DATA FOR ANALYSIS:
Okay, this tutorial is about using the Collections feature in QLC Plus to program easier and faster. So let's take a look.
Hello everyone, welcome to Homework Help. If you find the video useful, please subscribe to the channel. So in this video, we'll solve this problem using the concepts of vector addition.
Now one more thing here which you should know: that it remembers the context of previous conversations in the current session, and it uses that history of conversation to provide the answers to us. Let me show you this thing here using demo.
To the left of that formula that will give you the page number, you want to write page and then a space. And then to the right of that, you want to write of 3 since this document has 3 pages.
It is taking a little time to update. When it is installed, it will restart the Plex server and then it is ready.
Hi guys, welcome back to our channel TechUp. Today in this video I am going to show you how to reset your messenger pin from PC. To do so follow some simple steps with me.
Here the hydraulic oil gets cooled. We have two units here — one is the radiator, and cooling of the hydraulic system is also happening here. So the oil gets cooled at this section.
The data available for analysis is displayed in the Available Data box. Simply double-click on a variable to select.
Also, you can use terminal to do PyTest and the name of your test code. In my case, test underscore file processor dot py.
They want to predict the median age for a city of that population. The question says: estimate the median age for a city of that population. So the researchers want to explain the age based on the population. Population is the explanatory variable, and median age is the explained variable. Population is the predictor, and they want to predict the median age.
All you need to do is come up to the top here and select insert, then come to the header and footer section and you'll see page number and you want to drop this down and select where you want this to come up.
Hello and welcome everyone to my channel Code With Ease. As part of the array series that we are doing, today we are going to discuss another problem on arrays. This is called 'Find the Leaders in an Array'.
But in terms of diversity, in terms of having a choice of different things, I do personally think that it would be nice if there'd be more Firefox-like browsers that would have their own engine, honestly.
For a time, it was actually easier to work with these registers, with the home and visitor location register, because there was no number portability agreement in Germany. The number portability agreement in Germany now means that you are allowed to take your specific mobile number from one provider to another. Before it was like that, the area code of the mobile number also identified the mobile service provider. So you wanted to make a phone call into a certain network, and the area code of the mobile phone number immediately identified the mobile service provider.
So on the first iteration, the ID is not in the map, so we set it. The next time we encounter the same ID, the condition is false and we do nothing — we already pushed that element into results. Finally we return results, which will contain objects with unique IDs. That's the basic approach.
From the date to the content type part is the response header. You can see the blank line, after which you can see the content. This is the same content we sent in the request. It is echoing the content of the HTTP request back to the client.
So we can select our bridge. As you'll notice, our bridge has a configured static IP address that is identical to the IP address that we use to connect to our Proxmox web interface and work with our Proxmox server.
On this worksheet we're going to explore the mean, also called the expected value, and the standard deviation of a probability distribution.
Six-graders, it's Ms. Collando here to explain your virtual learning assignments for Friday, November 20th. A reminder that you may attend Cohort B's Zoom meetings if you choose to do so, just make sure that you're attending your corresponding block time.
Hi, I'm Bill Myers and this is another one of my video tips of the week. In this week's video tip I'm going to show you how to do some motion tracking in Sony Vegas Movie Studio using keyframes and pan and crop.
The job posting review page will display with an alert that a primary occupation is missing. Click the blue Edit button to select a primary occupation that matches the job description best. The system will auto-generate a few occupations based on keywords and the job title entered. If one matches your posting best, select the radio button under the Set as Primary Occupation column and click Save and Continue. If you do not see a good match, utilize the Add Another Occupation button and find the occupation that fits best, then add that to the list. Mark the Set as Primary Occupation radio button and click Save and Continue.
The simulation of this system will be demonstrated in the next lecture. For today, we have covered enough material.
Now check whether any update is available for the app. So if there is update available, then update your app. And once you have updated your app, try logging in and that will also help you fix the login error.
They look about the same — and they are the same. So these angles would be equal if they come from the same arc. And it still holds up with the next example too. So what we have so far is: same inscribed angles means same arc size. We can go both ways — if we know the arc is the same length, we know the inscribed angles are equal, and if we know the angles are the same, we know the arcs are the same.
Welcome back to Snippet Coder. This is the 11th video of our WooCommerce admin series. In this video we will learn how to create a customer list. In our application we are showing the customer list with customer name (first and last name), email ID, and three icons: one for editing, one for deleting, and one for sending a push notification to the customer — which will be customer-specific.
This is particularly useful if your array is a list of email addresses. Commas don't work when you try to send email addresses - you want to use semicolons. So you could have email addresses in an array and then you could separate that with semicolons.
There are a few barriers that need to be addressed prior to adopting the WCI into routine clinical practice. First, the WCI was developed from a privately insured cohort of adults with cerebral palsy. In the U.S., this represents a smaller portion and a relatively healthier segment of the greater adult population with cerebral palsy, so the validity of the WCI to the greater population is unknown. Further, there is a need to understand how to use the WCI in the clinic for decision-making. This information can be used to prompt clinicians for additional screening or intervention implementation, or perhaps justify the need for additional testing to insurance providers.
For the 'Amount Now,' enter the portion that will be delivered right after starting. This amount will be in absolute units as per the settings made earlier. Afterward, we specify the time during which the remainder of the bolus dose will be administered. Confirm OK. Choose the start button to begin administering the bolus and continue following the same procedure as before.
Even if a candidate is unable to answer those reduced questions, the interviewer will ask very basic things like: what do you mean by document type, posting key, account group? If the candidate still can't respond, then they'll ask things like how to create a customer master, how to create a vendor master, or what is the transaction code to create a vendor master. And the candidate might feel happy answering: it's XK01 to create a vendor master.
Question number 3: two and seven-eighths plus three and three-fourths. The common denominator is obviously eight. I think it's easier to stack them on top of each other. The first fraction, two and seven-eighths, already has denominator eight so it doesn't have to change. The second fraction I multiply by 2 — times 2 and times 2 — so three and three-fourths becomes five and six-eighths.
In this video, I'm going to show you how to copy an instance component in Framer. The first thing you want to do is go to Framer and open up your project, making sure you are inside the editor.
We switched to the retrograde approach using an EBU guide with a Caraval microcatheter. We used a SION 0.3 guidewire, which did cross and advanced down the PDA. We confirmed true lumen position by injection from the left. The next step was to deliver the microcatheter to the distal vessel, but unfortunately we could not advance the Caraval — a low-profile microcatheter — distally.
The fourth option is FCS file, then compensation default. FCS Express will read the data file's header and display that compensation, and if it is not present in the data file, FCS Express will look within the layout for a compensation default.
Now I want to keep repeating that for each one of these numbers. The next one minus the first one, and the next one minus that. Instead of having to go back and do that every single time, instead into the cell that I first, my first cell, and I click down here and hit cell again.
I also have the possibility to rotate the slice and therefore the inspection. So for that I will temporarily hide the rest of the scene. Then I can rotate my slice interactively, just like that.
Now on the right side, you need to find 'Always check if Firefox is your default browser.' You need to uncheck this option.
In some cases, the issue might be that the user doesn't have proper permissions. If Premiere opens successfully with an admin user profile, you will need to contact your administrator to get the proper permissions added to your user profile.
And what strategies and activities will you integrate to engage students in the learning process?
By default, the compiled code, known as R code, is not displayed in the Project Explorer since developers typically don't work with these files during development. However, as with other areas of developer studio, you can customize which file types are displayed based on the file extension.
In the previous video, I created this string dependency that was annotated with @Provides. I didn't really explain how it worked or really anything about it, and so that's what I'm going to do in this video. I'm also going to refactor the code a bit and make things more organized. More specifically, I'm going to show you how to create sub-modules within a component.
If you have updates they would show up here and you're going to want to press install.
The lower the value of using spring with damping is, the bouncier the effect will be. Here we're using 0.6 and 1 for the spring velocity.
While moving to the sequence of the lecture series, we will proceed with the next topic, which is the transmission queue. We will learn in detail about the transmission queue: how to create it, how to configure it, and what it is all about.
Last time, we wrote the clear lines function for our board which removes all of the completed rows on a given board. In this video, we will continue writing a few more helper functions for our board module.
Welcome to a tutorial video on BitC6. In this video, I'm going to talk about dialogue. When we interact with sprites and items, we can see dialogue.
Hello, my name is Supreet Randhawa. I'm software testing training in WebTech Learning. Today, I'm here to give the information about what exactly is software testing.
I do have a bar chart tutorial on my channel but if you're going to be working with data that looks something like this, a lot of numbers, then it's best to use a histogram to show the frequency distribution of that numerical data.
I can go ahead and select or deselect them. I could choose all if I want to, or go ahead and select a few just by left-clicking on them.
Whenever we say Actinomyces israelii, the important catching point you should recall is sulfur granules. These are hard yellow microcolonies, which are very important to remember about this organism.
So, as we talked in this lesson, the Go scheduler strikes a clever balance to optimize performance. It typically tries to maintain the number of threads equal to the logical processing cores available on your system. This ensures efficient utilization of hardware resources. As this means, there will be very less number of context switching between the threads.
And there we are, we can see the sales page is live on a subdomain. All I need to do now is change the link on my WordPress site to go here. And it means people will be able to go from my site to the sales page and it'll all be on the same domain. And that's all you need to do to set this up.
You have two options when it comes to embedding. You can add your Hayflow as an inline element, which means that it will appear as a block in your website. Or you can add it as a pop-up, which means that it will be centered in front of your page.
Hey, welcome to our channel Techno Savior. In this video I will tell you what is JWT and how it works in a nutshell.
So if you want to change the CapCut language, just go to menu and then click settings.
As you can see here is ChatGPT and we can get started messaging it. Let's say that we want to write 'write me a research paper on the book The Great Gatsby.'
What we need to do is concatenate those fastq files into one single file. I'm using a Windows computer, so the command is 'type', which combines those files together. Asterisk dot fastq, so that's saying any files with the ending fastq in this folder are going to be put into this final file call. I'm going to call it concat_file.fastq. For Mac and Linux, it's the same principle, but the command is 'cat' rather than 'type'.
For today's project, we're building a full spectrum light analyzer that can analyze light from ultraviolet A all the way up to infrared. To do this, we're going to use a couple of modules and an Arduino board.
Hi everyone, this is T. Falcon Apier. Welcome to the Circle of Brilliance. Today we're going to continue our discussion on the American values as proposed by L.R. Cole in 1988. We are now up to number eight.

HOW TO COMPLETE THIS TASK: Reproduce the listing above exactly as far as the line with "Hello everyone, welcome", that line included.

EXERCISE RESPONSE:
Okay, this tutorial is about using the Collections feature in QLC Plus to program easier and faster. So let's take a look.
Hello everyone, welcome to Homework Help. If you find the video useful, please subscribe to the channel. So in this video, we'll solve this problem using the concepts of vector addition.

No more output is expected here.